• [WORK TASK]:
Would you reproduce exactly the lines below from the one holding "Arra Brown online" through the one holding "Graphic Fitted T-Shirt S Green", inclusive, and no others?

• [RECORDS SHOWN]:

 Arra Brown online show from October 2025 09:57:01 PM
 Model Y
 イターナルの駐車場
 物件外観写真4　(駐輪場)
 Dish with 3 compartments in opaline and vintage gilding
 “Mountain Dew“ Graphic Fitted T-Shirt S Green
...
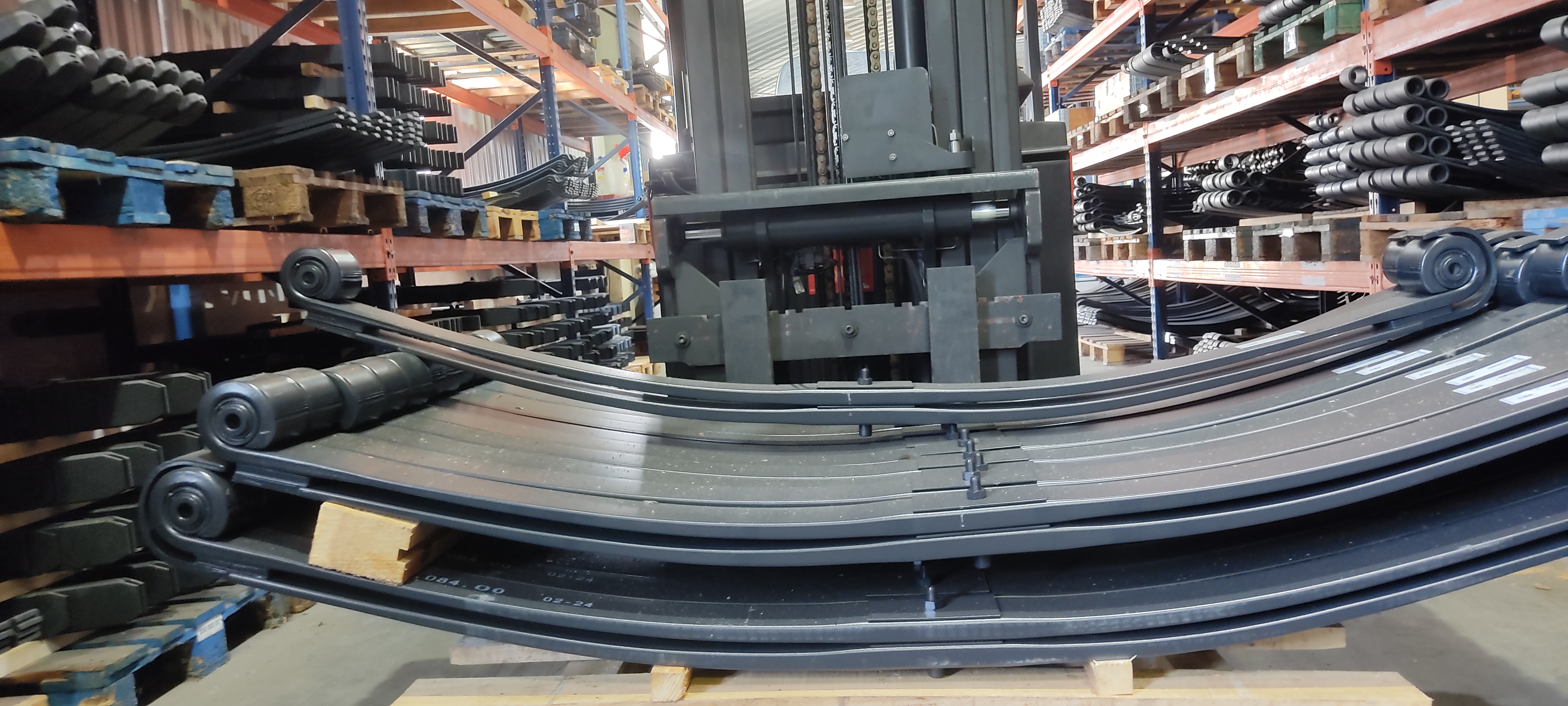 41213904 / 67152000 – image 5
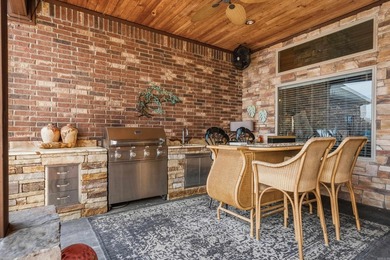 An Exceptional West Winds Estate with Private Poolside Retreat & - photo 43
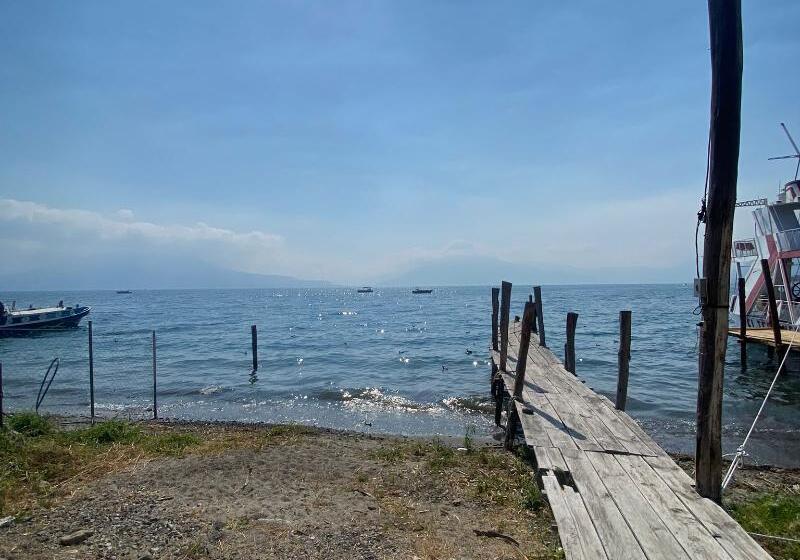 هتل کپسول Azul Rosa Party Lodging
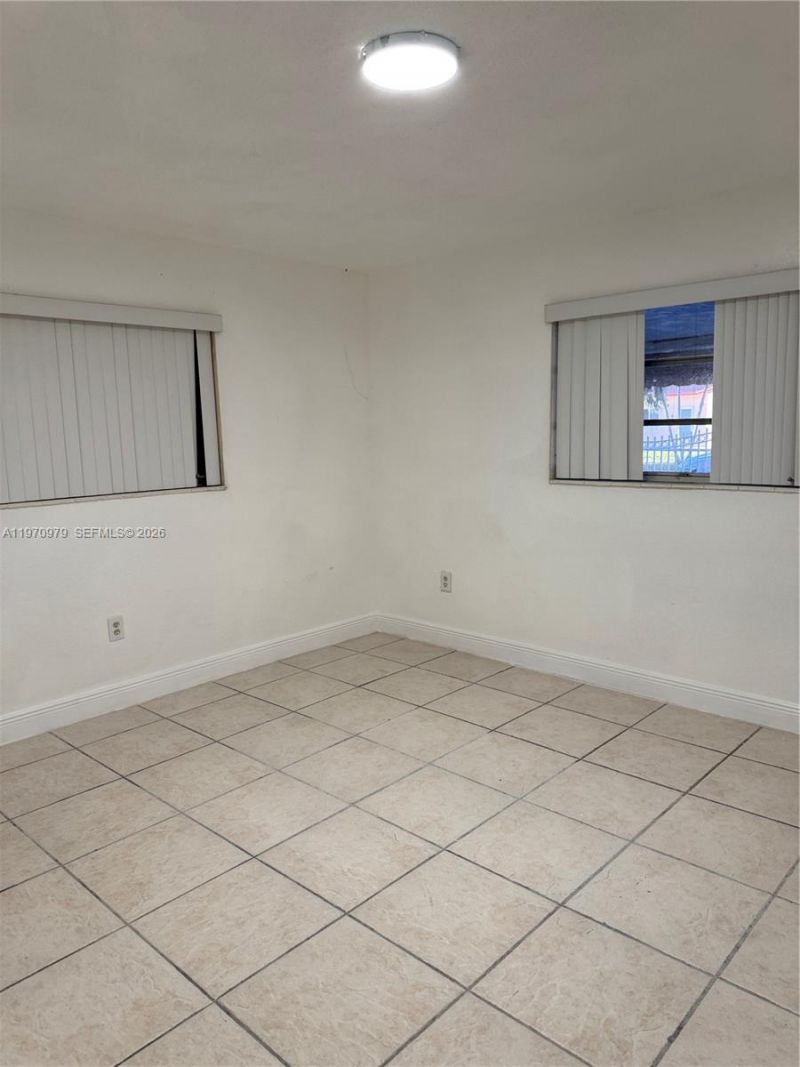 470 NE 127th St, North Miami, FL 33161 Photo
==
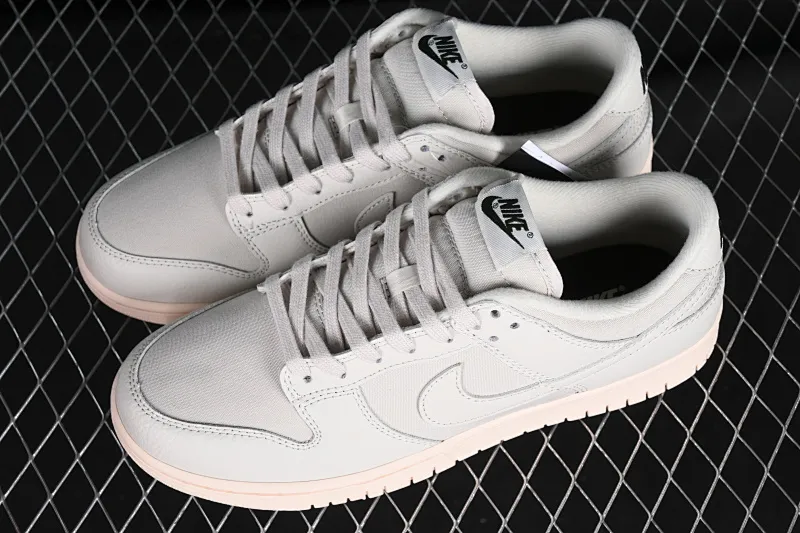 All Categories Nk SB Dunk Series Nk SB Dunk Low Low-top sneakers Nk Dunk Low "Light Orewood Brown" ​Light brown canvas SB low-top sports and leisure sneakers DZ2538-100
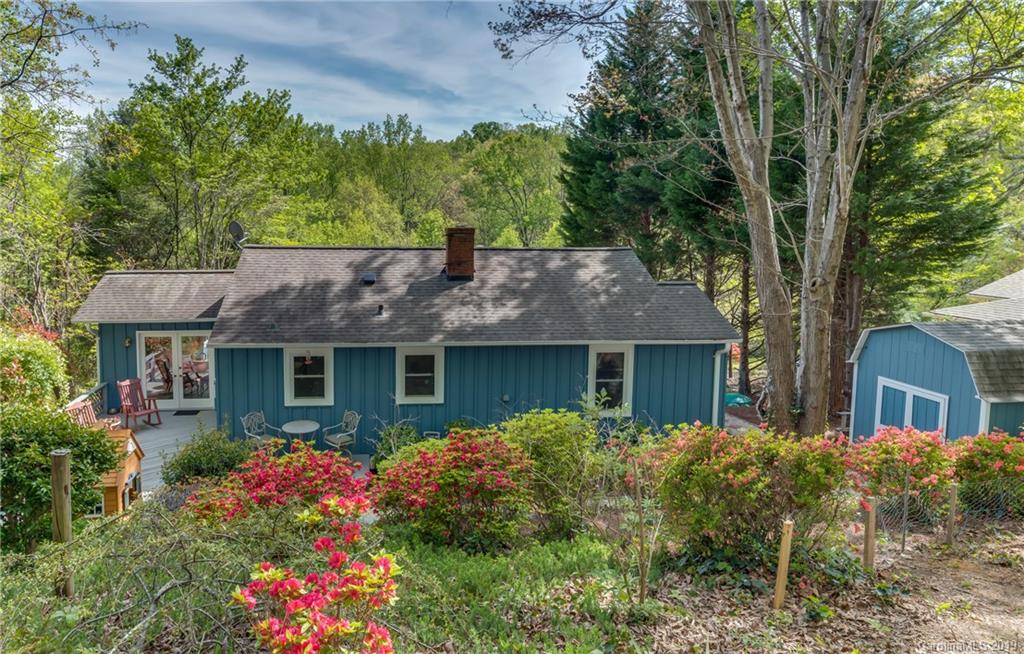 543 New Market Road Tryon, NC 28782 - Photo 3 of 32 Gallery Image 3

• [OUTPUT BELOW]:
 Arra Brown online show from October 2025 09:57:01 PM
 Model Y
 イターナルの駐車場
 物件外観写真4　(駐輪場)
 Dish with 3 compartments in opaline and vintage gilding
 “Mountain Dew“ Graphic Fitted T-Shirt S Green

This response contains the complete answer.